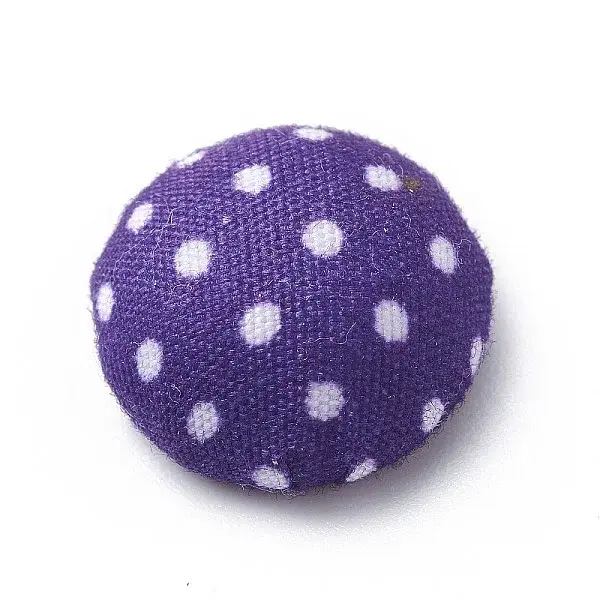 Woven Cabochons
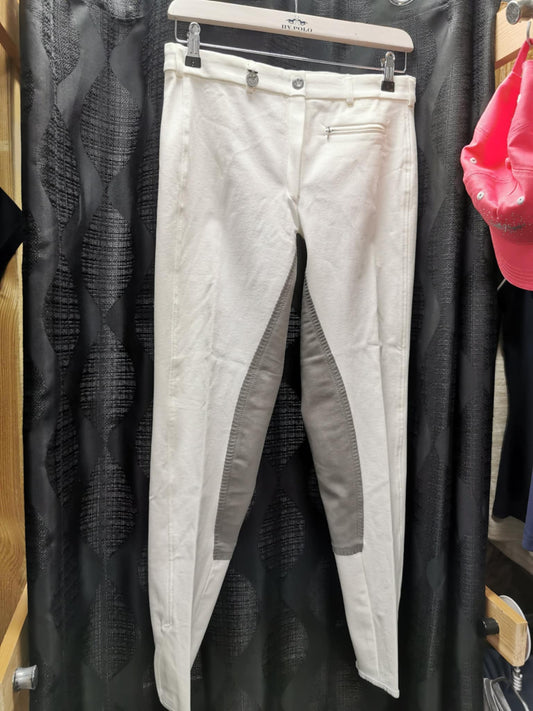 Pikeur - Pantalon d'équitation Lugana fond intégral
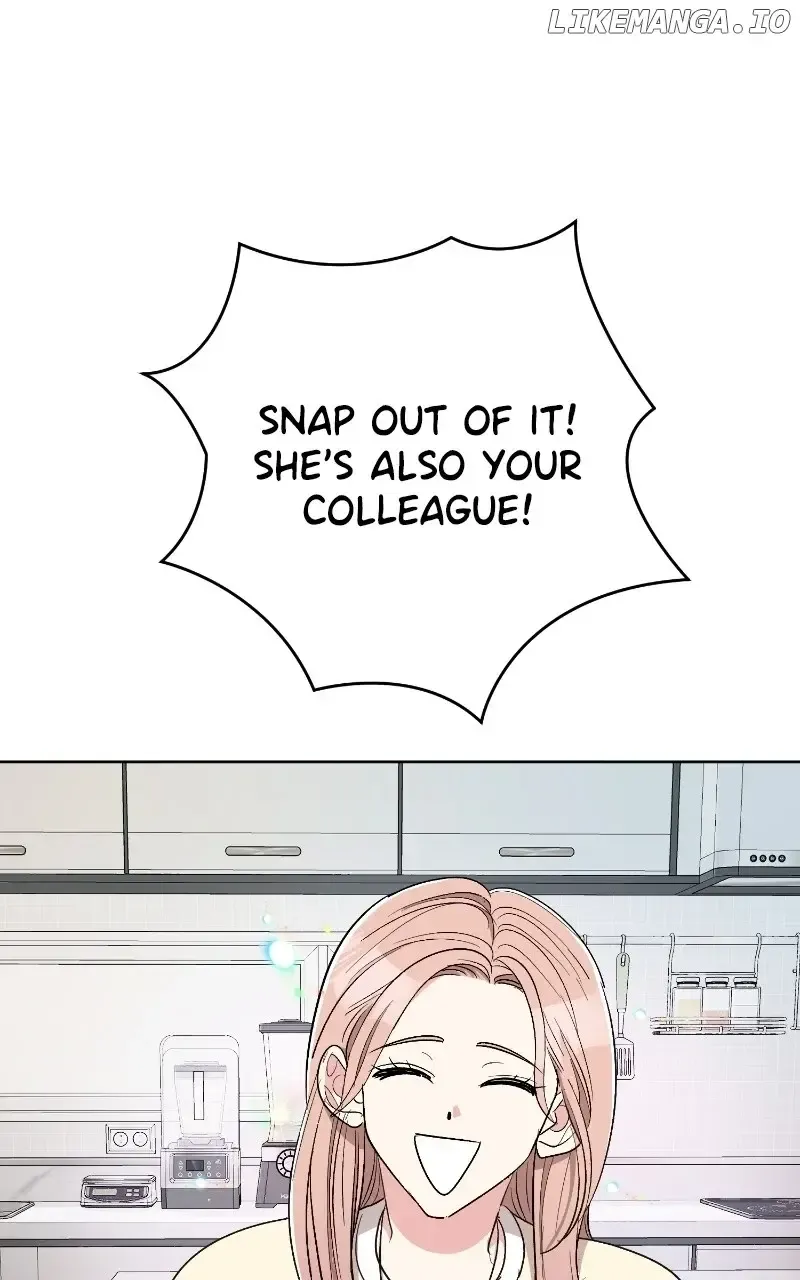 I Have No Intention of Dating Kainu Manga Chapter 15 Page 42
*-*-*
Exercise details:
Leave the pictures out and copy exactly the lines from the one that holds "Pikeur - Pantalon" through the last line of the material.

Solution to this task:
 Pikeur - Pantalon d'équitation Lugana fond intégral
 I Have No Intention of Dating Kainu Manga Chapter 15 Page 42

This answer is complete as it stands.